Can I be arrested for Driving-Under-the-Influence (DUI) on a bicycle?
It is a misdemeanor to operate a bicycle on a highway while under the influence of an alcoholic beverage or any drug (21200.5 CVC).
Can a passenger ride on my handlebars or stand on the rear axle of my bicycle?
A passenger can only ride on a bicycle when it is equipped with a separate, permanently affixed seat (21204b CVC).
Scooter Safety (Self-Powered)
Do I have to wear a helmet when I ride a self-powered scooter?
Wearing a helmet is not required by law, but it is highly recommended.
Can I ride my self-powered scooter on the sidewalk or do I have to ride on the street?
Scooter riders are permitted to ride on sidewalks; however, it is an infraction to do so in a willful or wanton disregard for the safety of persons or property. Additionally, the CVC classifies self-powered scooter riders as pedestrians, so all laws that pertain to pedestrians on the roadway also apply to scooter riders.
Scooter Safety (Motorized)
Do I have to wear a helmet when I ride a motorized scooter?
All motorized scooter riders must wear a bicycle helmet (21235c CVC). A bicycle helmet should sit low on the forehead, just above the eyebrows. It should fit snugly and the two side plastic pieces on the straps should fit just under the ears. The buckle should be just under the chin, with one finger’s width of space between the strap and chin. The helmet must always be buckled while riding. The helmet should not move more than one-half inch in any direction.

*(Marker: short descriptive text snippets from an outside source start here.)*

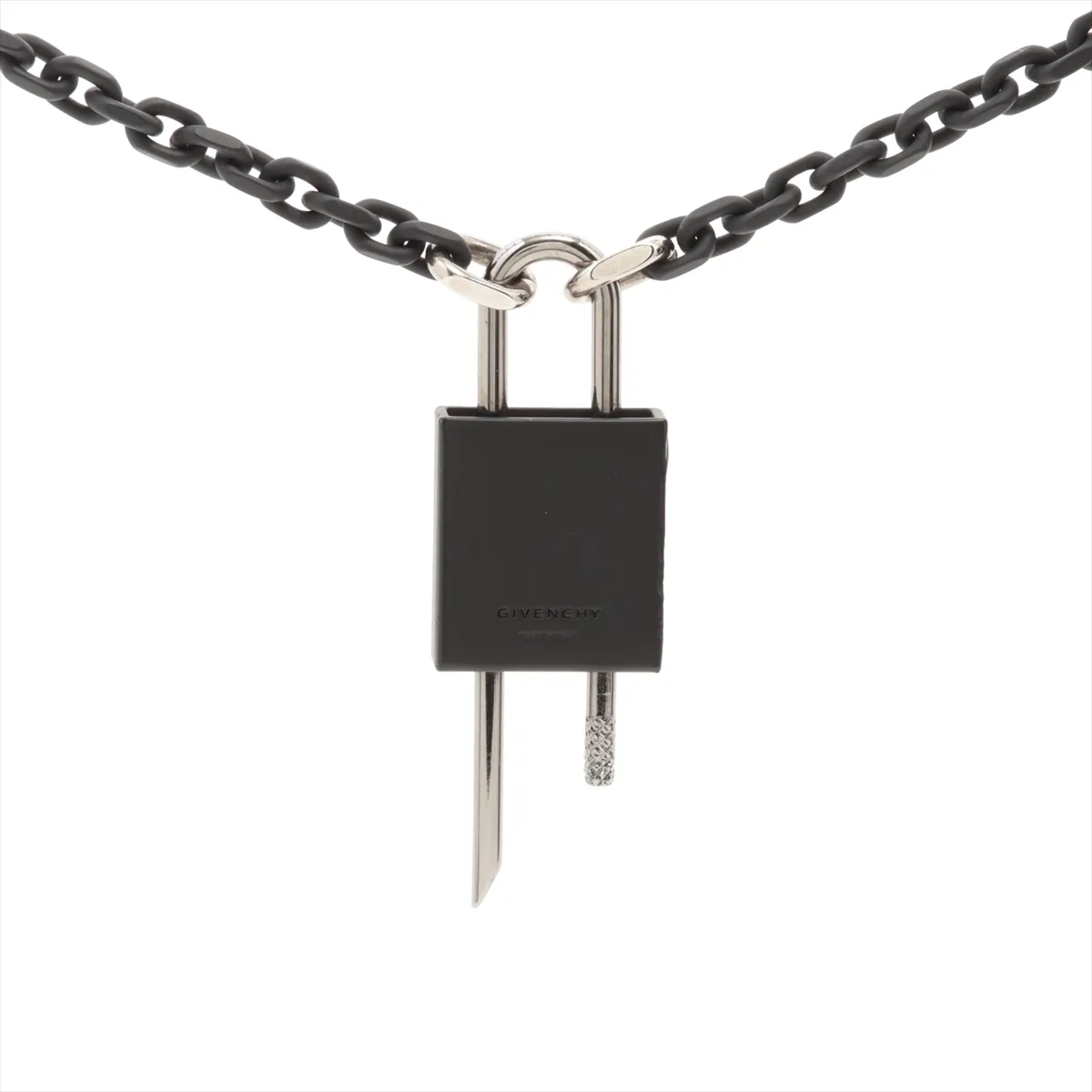 4G Necklace, Brass, Black, — view 2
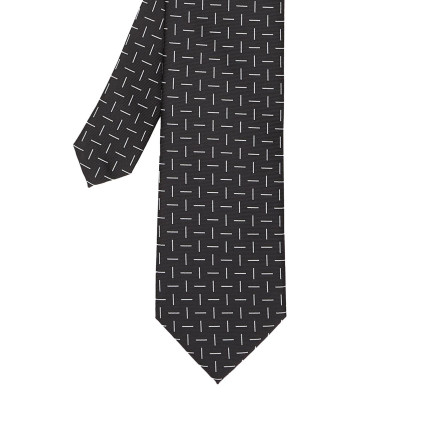 Network Erkek Siyah Desenli Kravat Network Erkek Siyah Desenli Kravat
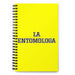 La Entomologa The Entomologist | Yellow Spiral Notebook, 140 Dotted Sheets | Funny Gift Idea Home Office Work | Mexican Spanish Pride Gift Mexicada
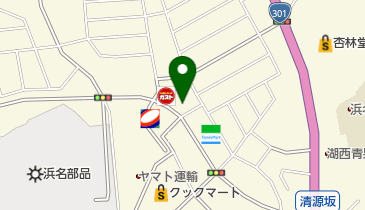 MIRAfitness湖西新居店の地図画像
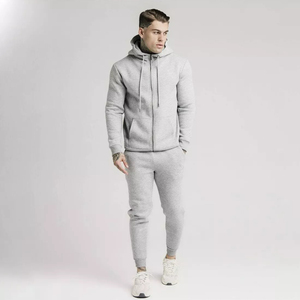 Fourniture directe d'usine de vêtements de sports d'hiver pour hommes OEM logo personnalisé fermeture éclair coton polaire survêtements grande taille XL - Product Image 2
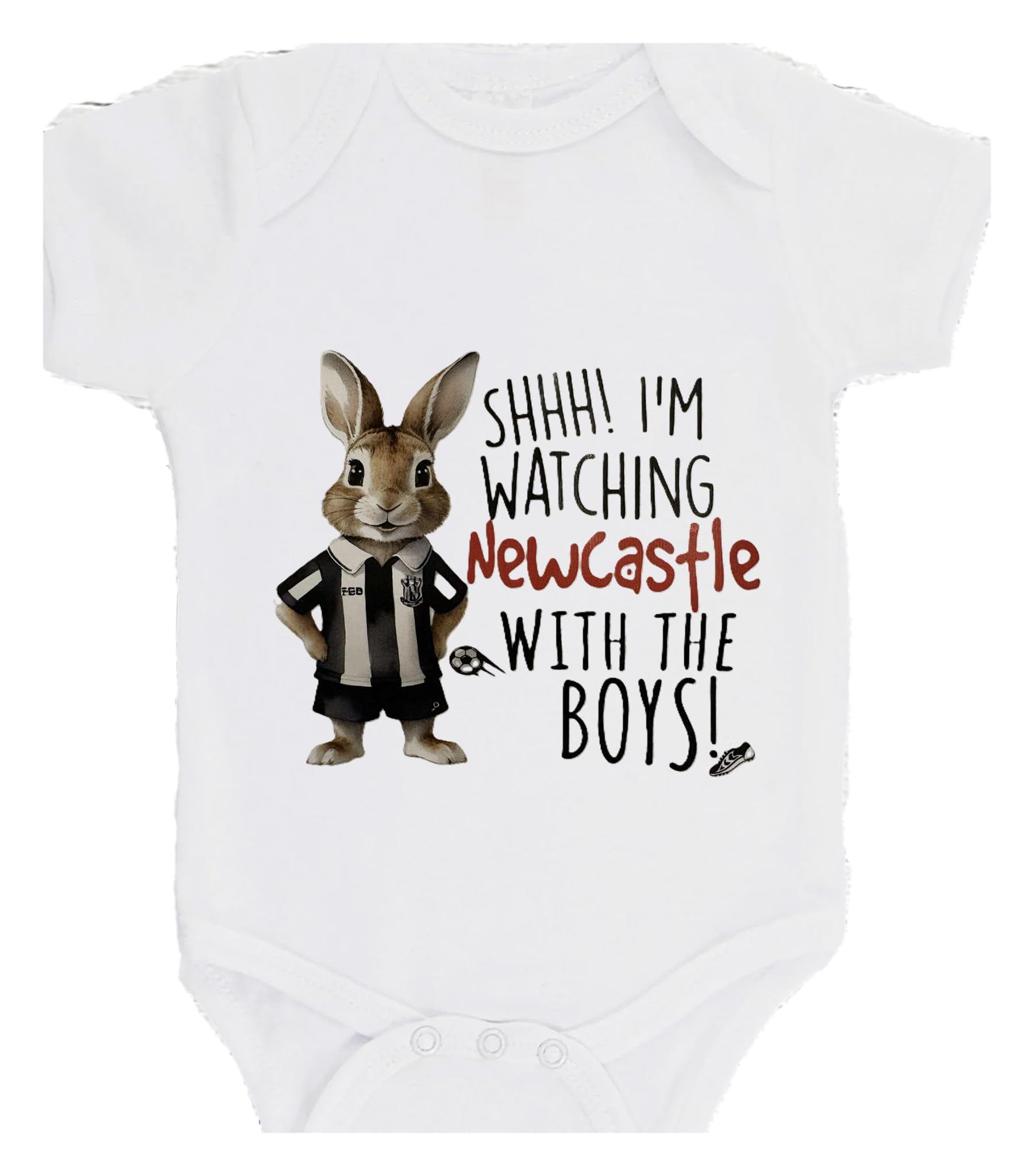 SHHH im watching newcastle with the boys Bodysuit GiftBaby NEWCASTLE Bodysuit choice of colours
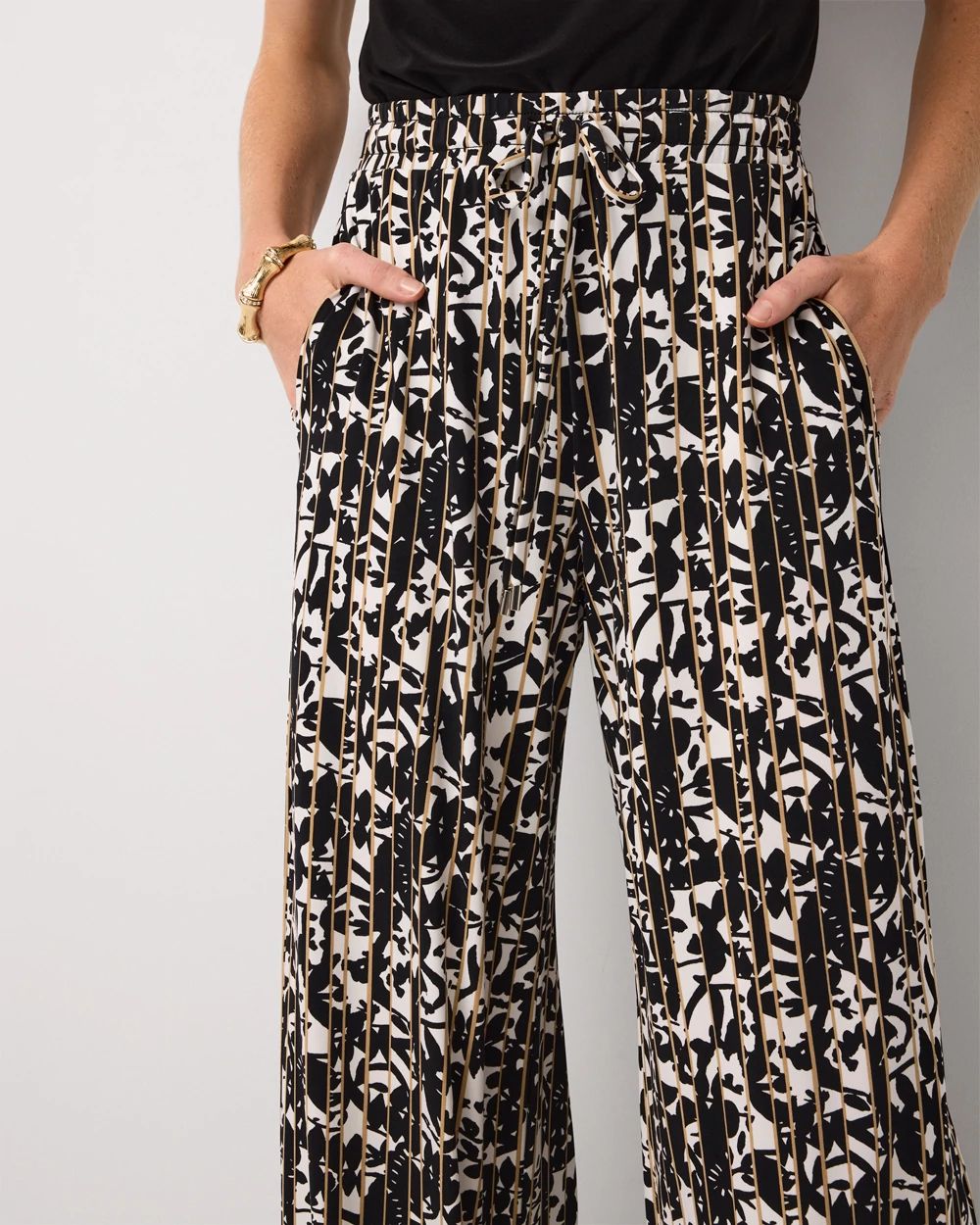 Pull-On Wide Leg Pant click to view larger image.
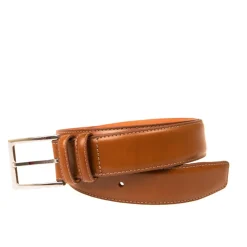 Men's Belts|Carmina TAN CALF BELT TANNED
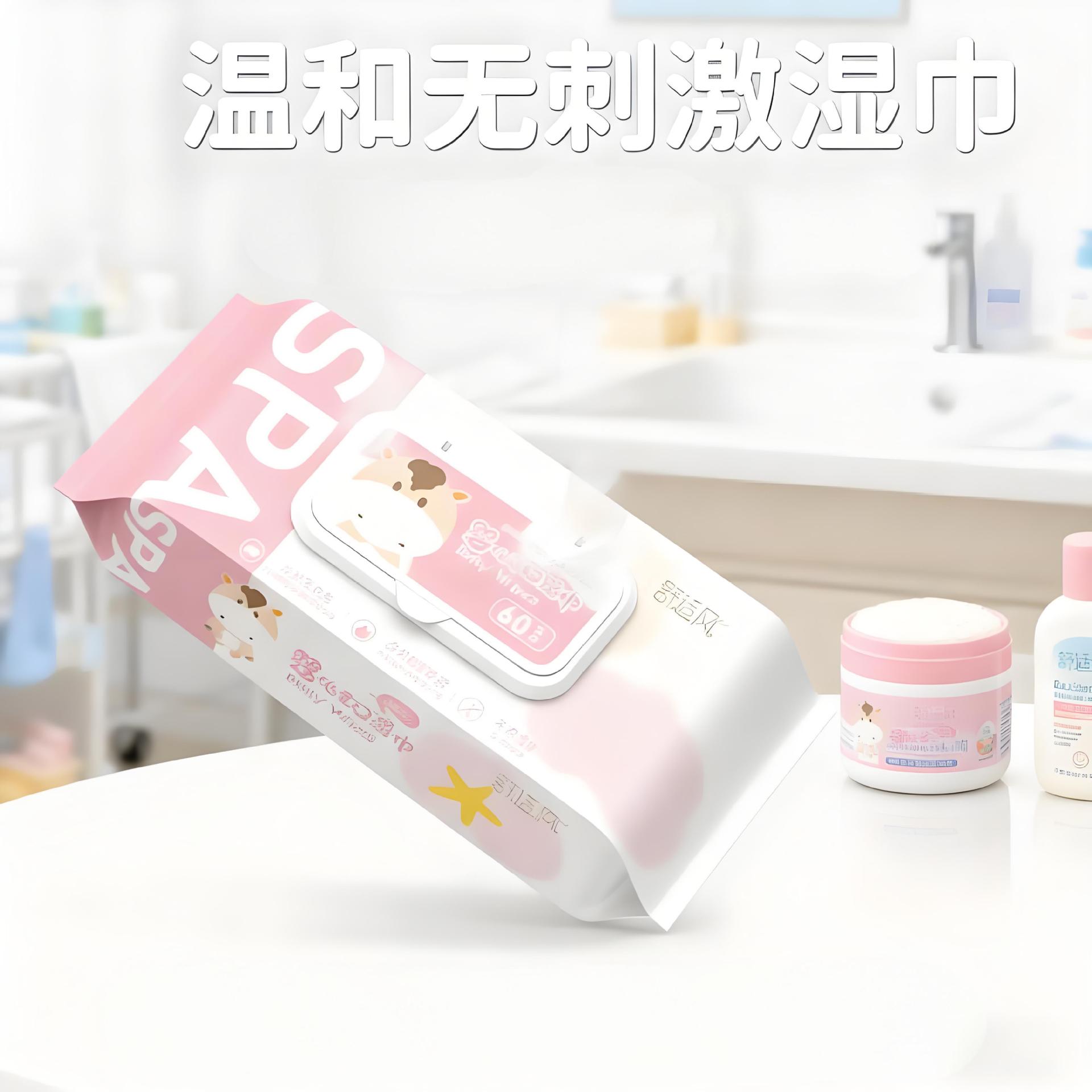 Large Pack of Baby Wipes [Gentle and Non-Irritating] Baby Hand and Mouth Cleaning Disposable Wipes Wholesale Supplies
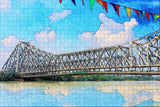 India Howrah Bridge Kolkata Jigsaw Puzzle Wooden 1000 Piece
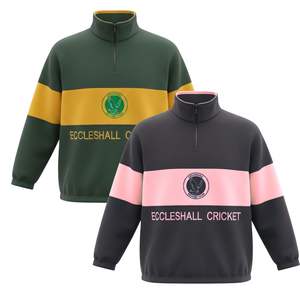 Chaquetas de Forro Polar Transpirables de Secado Rápido de 260 Gramos con Cuello Acanalado, Cremalleras Metálicas Interiores, 100% Poliéster - Product Image 6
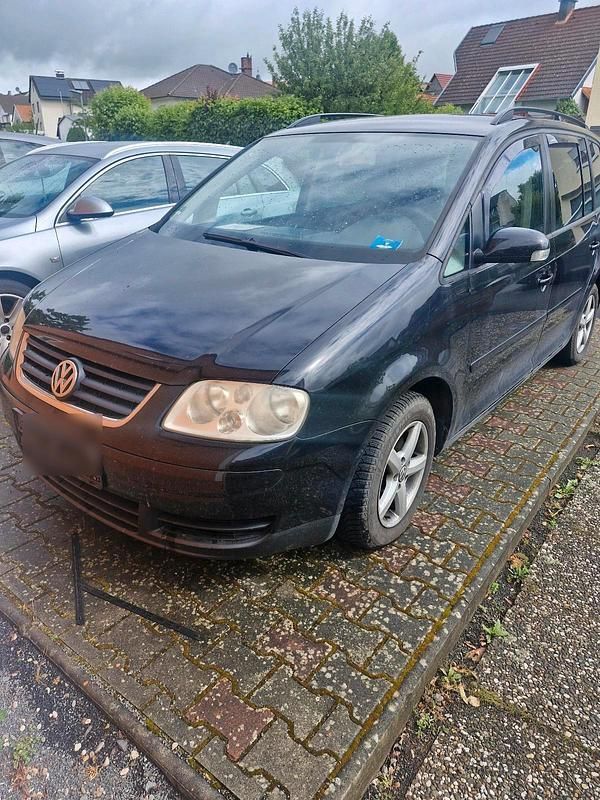 Schwarz Gebraucht 2003 VW Touran Van / Kleinbus | 1.200 € (Superpreis) - Bild 1/4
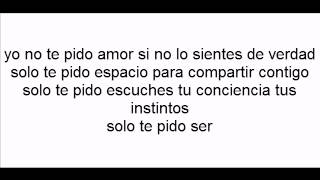 Yo no te pido gilberto santa rosa con letra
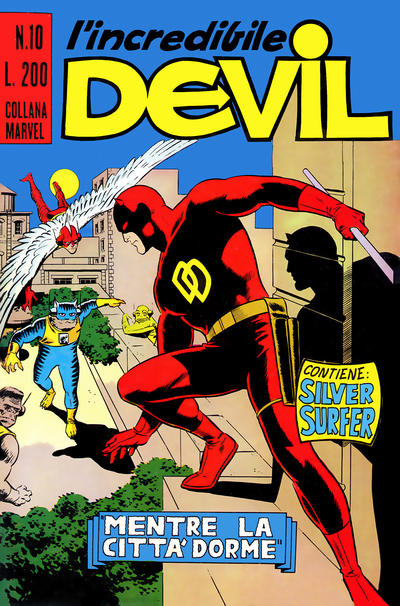 Cover for L'Incredibile Devil (Editoriale Corno, 1970 series) #10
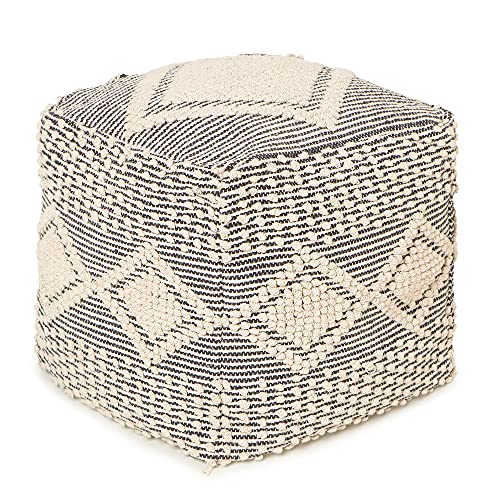 Pouf with Filler Cube Bean Bag Pouffe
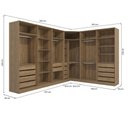 Ver imagem 3 de Quarto Modulado Kappesberg Adapt Nogueira-azul Profundo 12 Portas 342cm X 263cm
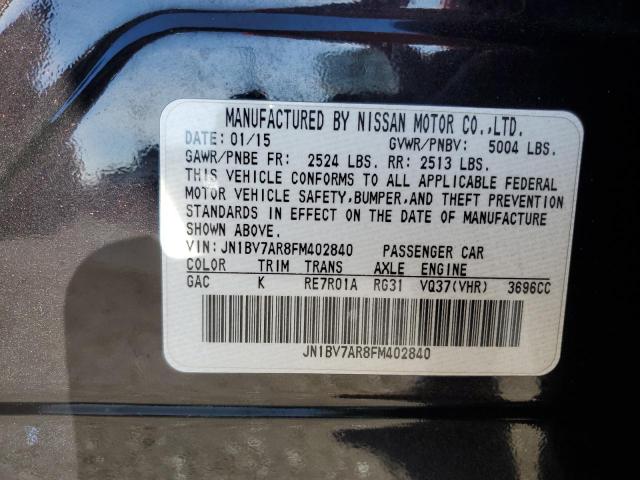 JN1BV7AR8FM402840 - 2015 INFINITI Q50 BASE BLACK photo 13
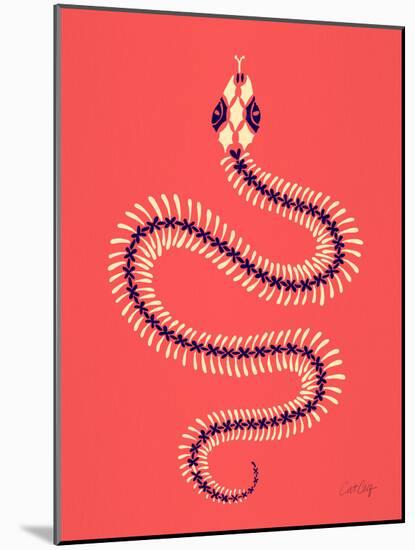 Melon Snake Skeleton-Cat Coquillette-Mounted Giclee Print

Can I ride my motorized scooter on the sidewalk or do I have to ride it on the street? If I do ride my scooter on the street, what side should I ride on?
It is illegal to ride a motorized scooter on the sidewalk (21235e CVC). A motorized scooter must be ridden as close as practicable to the right side of the roadway (21228a CVC) and only on a highway with a posted speed limit no greater than 25 miles per hour (mph), unless operating in a bicycle lane (21235b CVC).
Is there a minimum age to ride a motorized scooter?
It is illegal for any person under the age of 16 years to operate a motorized scooter (21235d CVC).
Is there a speed limit for the operation of motorized scooters?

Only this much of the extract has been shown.